Reputation:
I have some confusion on little endian/big endian. Seems I am missing
smth simple. Some feedback appreciated.
For example, say we have two functions which retrieve least and most significant bytes of
32bit value:
#define LSB(x) ((x) & 0x000000FF)
#define MSB(x) ((x) & 0xFF000000)
My question is: do above two functions return correct result both on big endian and little endian machines?
Now I will explain why I have the confusion. Imagine we are on a little endian machine. On a little endian machine integer 9 is stored in memory like this (in hex): 09 00 00 00 (least significant byte first) Now at some point, you might think, if we use above LSB function, then we would end up with such expression: 09 00 00 00 & 00 00 00 FF which is 0 - but of course that's not how above LSB function will work eventually. So it seems I am missing smth. Any help appreciated.
Also if I say int y = 0x000000FF
- this is 255 regardless of the endiannes of the machine right?
Upvotes: 7
Views: 1886
Reputation: 47563
Regardless of endianness, x & 0xFF
will give you the least significant byte.
First of all, you should understand the difference between endianness and significance. Endianness means in what order the bytes are written to memory; it's completely irrelevant to any computation in the CPU. Significance says which bits have a higher value; it's completely irrelevant to any system of storage.
Once you load a value from memory into CPU, it's endianness doesn't matter, since to the CPU (more accurately, ALU) all that matters is the significance of the bits.
So, as far as C is concerned, 0x000000FF
has 1s in its least significant byte and and
ing it with a variable would give its least significant byte.
In fact, in the whole C standard, you can't find the word "endian". C defines an "abstract machine" where only the significance of the bits matter. It's the responsibility of the compiler to compile the program in such a way that it behaves the same as the abstract machine, regardless of endianness. So unless you are expecting a certain layout of memory (for example through a union
or a cast of pointers), you don't need to think about endianness at all.
Another example that might interest you is shifting. The same thing applies to shifting. In fact, like I said before, endianness doesn't matter to the ALU, so <<
always translates to shift towards more significant bits by not even the compiler, but the CPU itself, regardless of endianness.
Let me put these in a graph with two orthogonal directions so maybe you understand it better. This is how a load operation looks like from the CPU's point of view.
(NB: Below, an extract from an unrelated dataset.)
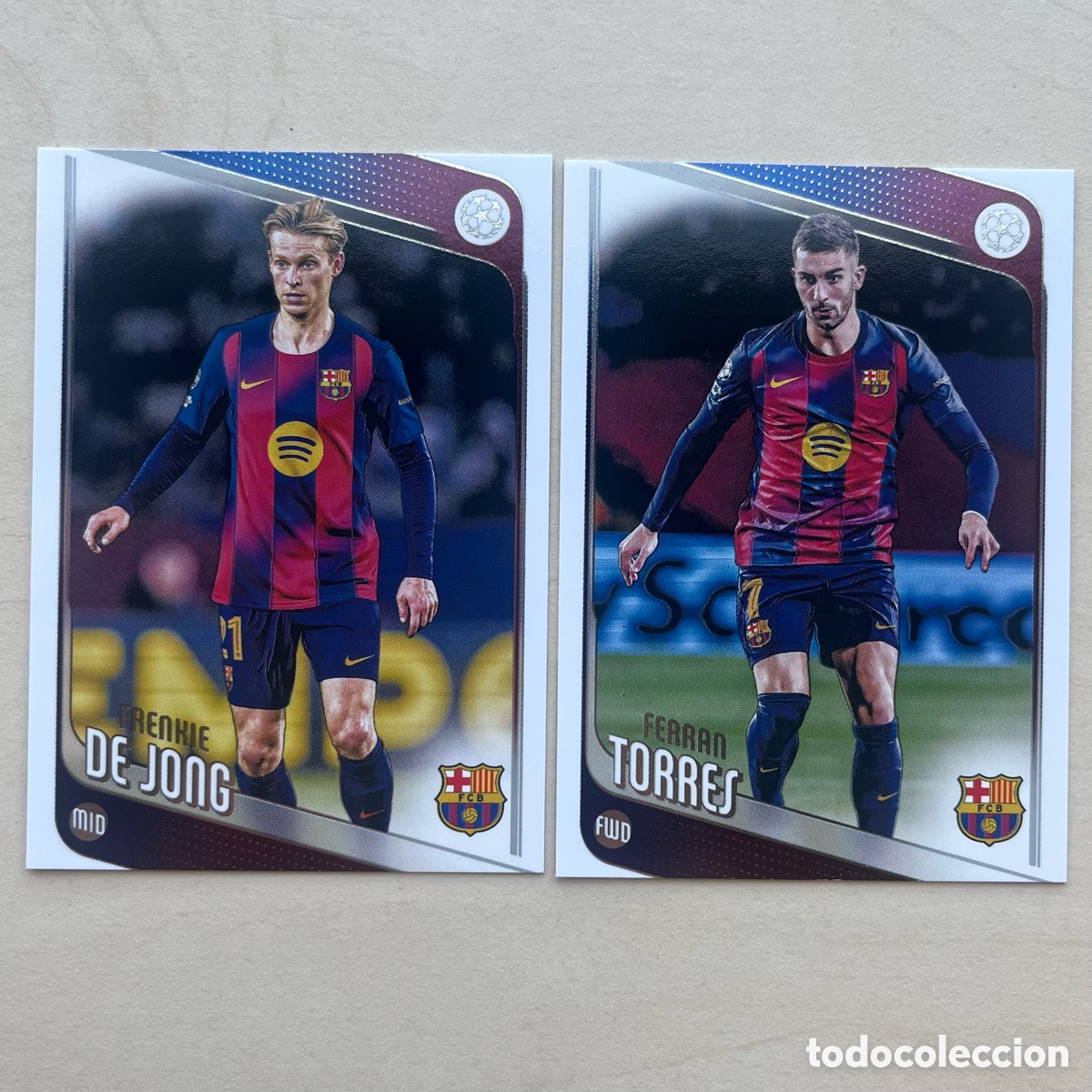 Cromos de Futebol: De Jong & Ferran Torres Topps Flagship 2025-26 - FC Barcelona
On a little-endian machine you have:
MEMORY CPU Register
LSB BYTE2 BYTE3 MSB ----> MSB
\ \ \-----------> BYTE3
\ \----------------> BYTE2
\--------------------> LSB
On a big endian machine you have:
MEMORY CPU Register
/--------------------> MSB
/ /----------------> BYTE3
/ / /-----------> BYTE2
MSB BYTE3 BYTE2 LSB ----> LSB
As you can see, in both cases, you have:
CPU Register
MSB
BYTE3
BYTE2
LSB
which means in both cases, the CPU ended up loading the exact same value.
Upvotes: 11
Reputation: 11
Endian is about how memory is used. You primarily have to worry about it when serializing or deserializing bytes to memory, storage or a stream of some kind.
I believe your macros will sometimes work and sometimes not work as expected depending on how you use them. If x is an int (assuming you are using 32 bit ints) then you should be fine since the compiler knows what an int is and how it is represented when x is not a 32bit number you could run into problems.
Upvotes: 0
Reputation: 145899
My question is: do above two functions return correct result both on big endian and little endian machines?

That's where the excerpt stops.